Data records:
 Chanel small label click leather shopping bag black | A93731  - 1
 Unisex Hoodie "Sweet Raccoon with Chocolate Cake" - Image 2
---
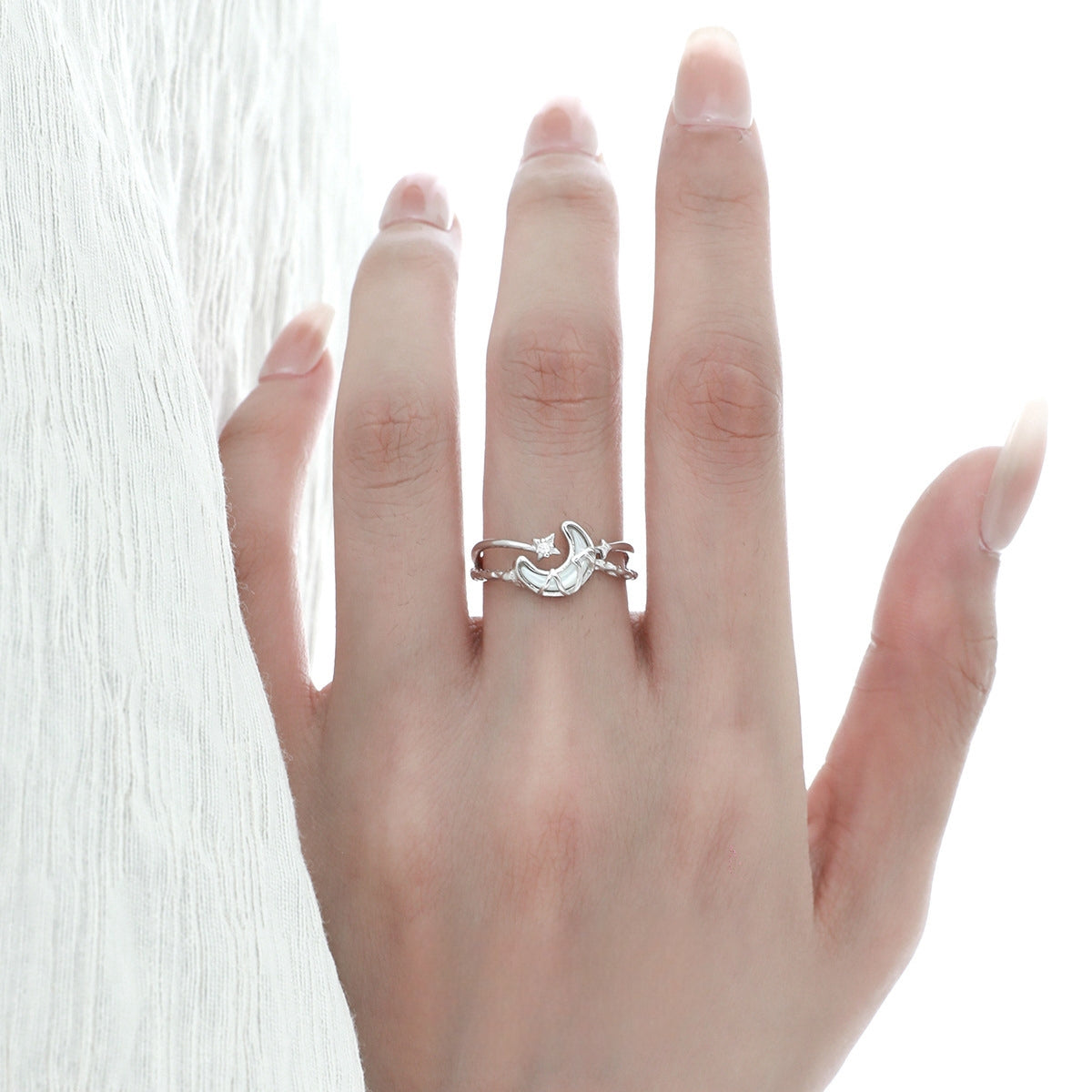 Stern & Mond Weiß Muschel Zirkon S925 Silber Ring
* * *
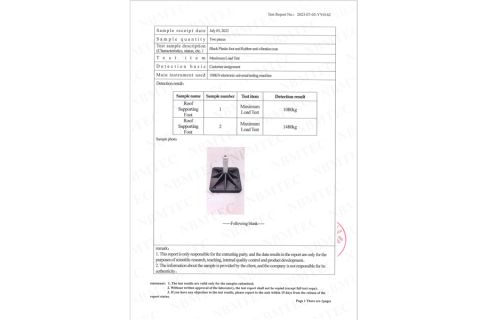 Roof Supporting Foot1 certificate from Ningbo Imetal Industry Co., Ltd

Directions: Within the data above, the span starting at the line containing "Chanel small label" and ending at the line containing "Raccoon with Chocolate" is to be retyped exactly, with no other lines.

Written solution:
 Chanel small label click leather shopping bag black | A93731  - 1
 Unisex Hoodie "Sweet Raccoon with Chocolate Cake" - Image 2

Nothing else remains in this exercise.